Tuesday, 7 July 2009

Raindrops keep falling on my head...

The monsoon season is upon us and the five minute cycle to work this morning resulted in Lee and I looking like we had jumped in a swimming pool with all our clothes on. Two hours later and the rain is falling even harder, the streets have become rivers, the parks are paddling pools and the thunder so loud that it creates vibrations. It is quite something, that's for sure. One of our Korean colleagues has said that South Korea's climate is becoming more and more like South East Asia's with very hot days and torrential downpours in the summer. Still, it is very refreshing as the constant humidity of Asian summers can be quite draining for somebody who is used to about two weeks of sunshine a year!
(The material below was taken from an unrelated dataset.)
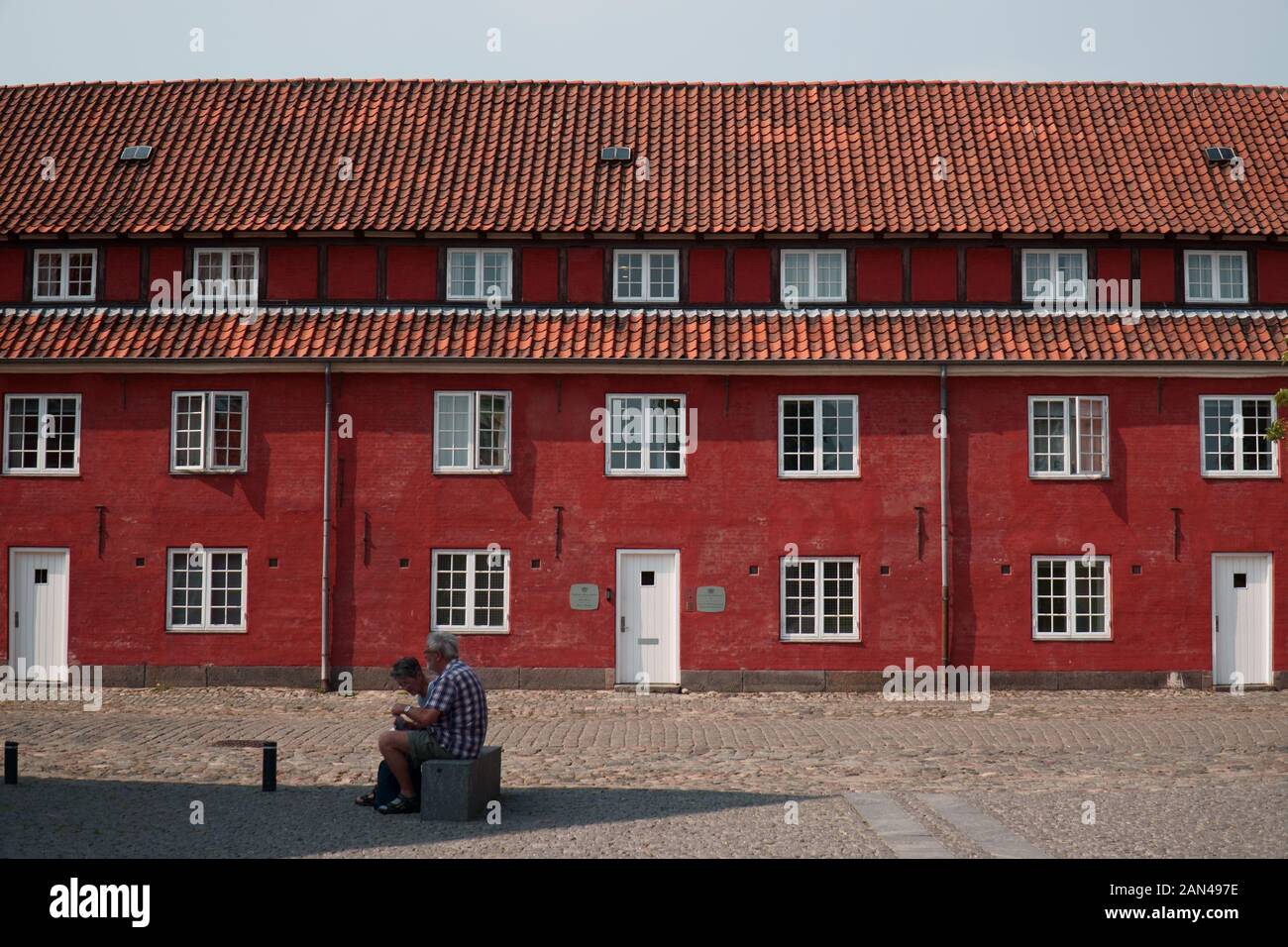People sit on a bench in front of houses on the island of Kastellet in Copenhagen, Denmark Stock Photo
We have now moved into our new apartment which we should be staying in until the end of our contract. It's a fairly large (by Korean standards) three bed apartment on the fourteenth floor so we're pretty high up. We have a balcony and a decent sized kitchen and we have spent quite a lot of time cleaning and decorating the place to make it feel more homely. It's lovely to finally have some furniture and be able to relax on the sofa in the evenings and eat at a table rather than on the bed.

Last weekend was fairly low key. All the Americans were celebrating Independence Day and we were invited to a celebratory barbeque. It was nice to meet some new people but social events here always seemed to be ruined by loud mouthed Americans who mistakenly think that people care about what they have to say. I don't have a problem with Americans, some of them are interesting, culturally aware and very pleasant to be around- though I have to say, in my experience, this particular type of American is a rare sighting.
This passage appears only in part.